Output every line of the entries from the line containing "Maintaining Coverage Attributes" through the last, exactly, with no other content.

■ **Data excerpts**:
---------------
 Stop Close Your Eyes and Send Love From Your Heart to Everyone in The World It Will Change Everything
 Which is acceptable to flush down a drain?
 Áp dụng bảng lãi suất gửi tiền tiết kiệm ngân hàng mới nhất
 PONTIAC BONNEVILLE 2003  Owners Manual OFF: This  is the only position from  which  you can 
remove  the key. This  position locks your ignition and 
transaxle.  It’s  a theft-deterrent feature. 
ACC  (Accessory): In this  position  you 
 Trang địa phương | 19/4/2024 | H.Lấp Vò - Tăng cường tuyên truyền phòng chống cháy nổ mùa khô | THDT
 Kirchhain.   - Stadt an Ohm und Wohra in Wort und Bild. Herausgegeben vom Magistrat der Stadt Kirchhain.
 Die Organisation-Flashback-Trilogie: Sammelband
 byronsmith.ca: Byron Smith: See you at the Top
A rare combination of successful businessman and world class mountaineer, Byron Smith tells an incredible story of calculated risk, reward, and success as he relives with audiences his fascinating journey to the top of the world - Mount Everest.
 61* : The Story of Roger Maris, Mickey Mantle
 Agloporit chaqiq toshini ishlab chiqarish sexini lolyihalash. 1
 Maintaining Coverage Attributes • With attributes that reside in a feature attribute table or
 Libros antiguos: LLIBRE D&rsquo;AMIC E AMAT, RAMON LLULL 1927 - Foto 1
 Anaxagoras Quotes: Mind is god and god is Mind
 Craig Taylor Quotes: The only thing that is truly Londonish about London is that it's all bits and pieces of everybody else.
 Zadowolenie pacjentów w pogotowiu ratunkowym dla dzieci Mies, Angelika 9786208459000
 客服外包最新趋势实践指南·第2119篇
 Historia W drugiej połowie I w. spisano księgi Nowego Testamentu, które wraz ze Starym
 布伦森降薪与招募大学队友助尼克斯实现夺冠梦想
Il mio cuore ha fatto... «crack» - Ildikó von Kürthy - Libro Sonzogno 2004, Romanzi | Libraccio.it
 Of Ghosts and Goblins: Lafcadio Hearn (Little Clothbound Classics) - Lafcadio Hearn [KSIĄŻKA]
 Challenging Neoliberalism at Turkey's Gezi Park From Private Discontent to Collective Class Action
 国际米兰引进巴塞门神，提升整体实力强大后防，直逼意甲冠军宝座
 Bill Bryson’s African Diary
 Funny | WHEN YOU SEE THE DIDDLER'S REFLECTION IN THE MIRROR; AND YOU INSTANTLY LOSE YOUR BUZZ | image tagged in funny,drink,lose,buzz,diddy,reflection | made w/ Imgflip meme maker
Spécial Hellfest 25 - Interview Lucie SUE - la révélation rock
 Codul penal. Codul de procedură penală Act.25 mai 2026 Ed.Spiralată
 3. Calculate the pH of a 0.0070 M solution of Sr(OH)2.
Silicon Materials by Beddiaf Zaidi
---------------
■ **FINISHED TASK**:
 Maintaining Coverage Attributes • With attributes that reside in a feature attribute table or
 Libros antiguos: LLIBRE D&rsquo;AMIC E AMAT, RAMON LLULL 1927 - Foto 1
 Anaxagoras Quotes: Mind is god and god is Mind
 Craig Taylor Quotes: The only thing that is truly Londonish about London is that it's all bits and pieces of everybody else.
 Zadowolenie pacjentów w pogotowiu ratunkowym dla dzieci Mies, Angelika 9786208459000
 客服外包最新趋势实践指南·第2119篇
 Historia W drugiej połowie I w. spisano księgi Nowego Testamentu, które wraz ze Starym
 布伦森降薪与招募大学队友助尼克斯实现夺冠梦想
Il mio cuore ha fatto... «crack» - Ildikó von Kürthy - Libro Sonzogno 2004, Romanzi | Libraccio.it
 Of Ghosts and Goblins: Lafcadio Hearn (Little Clothbound Classics) - Lafcadio Hearn [KSIĄŻKA]
 Challenging Neoliberalism at Turkey's Gezi Park From Private Discontent to Collective Class Action
 国际米兰引进巴塞门神，提升整体实力强大后防，直逼意甲冠军宝座
 Bill Bryson’s African Diary
 Funny | WHEN YOU SEE THE DIDDLER'S REFLECTION IN THE MIRROR; AND YOU INSTANTLY LOSE YOUR BUZZ | image tagged in funny,drink,lose,buzz,diddy,reflection | made w/ Imgflip meme maker
Spécial Hellfest 25 - Interview Lucie SUE - la révélation rock
 Codul penal. Codul de procedură penală Act.25 mai 2026 Ed.Spiralată
 3. Calculate the pH of a 0.0070 M solution of Sr(OH)2.
Silicon Materials by Beddiaf Zaidi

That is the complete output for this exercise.